When you reach the line that contains "Men’s XL Zip" in the data below, start reproducing lines exactly, and stop after the line that contains "52 м², 1-комнатная".

## [Input data]

━━━━━━

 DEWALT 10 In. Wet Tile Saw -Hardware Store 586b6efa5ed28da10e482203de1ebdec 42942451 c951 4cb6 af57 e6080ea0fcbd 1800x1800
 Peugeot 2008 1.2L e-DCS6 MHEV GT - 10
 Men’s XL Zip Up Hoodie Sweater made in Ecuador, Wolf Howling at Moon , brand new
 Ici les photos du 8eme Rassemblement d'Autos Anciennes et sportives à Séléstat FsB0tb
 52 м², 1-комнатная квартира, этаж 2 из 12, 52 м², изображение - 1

━━━━━━

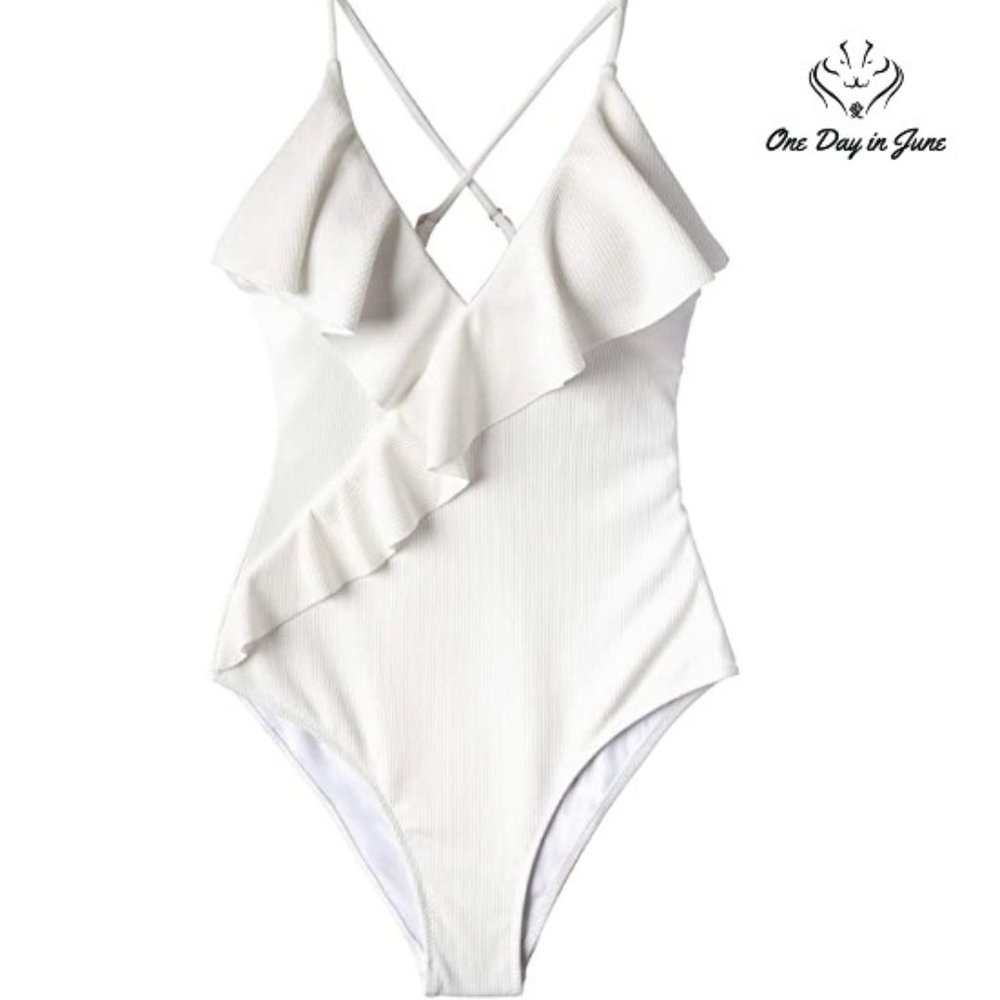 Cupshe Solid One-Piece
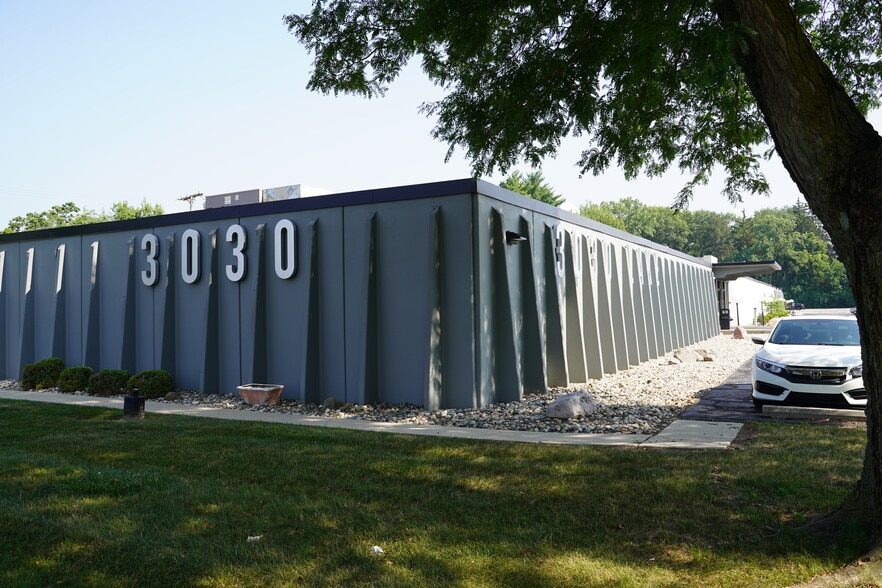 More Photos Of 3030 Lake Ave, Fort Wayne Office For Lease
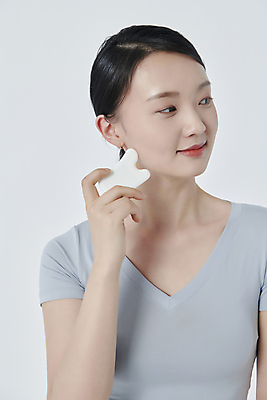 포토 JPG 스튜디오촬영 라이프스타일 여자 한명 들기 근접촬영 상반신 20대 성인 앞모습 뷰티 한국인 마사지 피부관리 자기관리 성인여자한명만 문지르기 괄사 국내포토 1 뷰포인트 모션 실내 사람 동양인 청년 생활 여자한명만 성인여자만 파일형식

━━━━━━

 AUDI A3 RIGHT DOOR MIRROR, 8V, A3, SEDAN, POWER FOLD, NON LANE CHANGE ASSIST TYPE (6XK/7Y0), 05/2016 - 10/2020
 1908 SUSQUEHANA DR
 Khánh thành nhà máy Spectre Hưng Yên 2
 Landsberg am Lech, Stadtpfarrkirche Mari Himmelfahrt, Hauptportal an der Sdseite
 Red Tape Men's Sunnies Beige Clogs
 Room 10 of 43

━━━━━━

## [Task output]
 Men’s XL Zip Up Hoodie Sweater made in Ecuador, Wolf Howling at Moon , brand new
 Ici les photos du 8eme Rassemblement d'Autos Anciennes et sportives à Séléstat FsB0tb
 52 м², 1-комнатная квартира, этаж 2 из 12, 52 м², изображение - 1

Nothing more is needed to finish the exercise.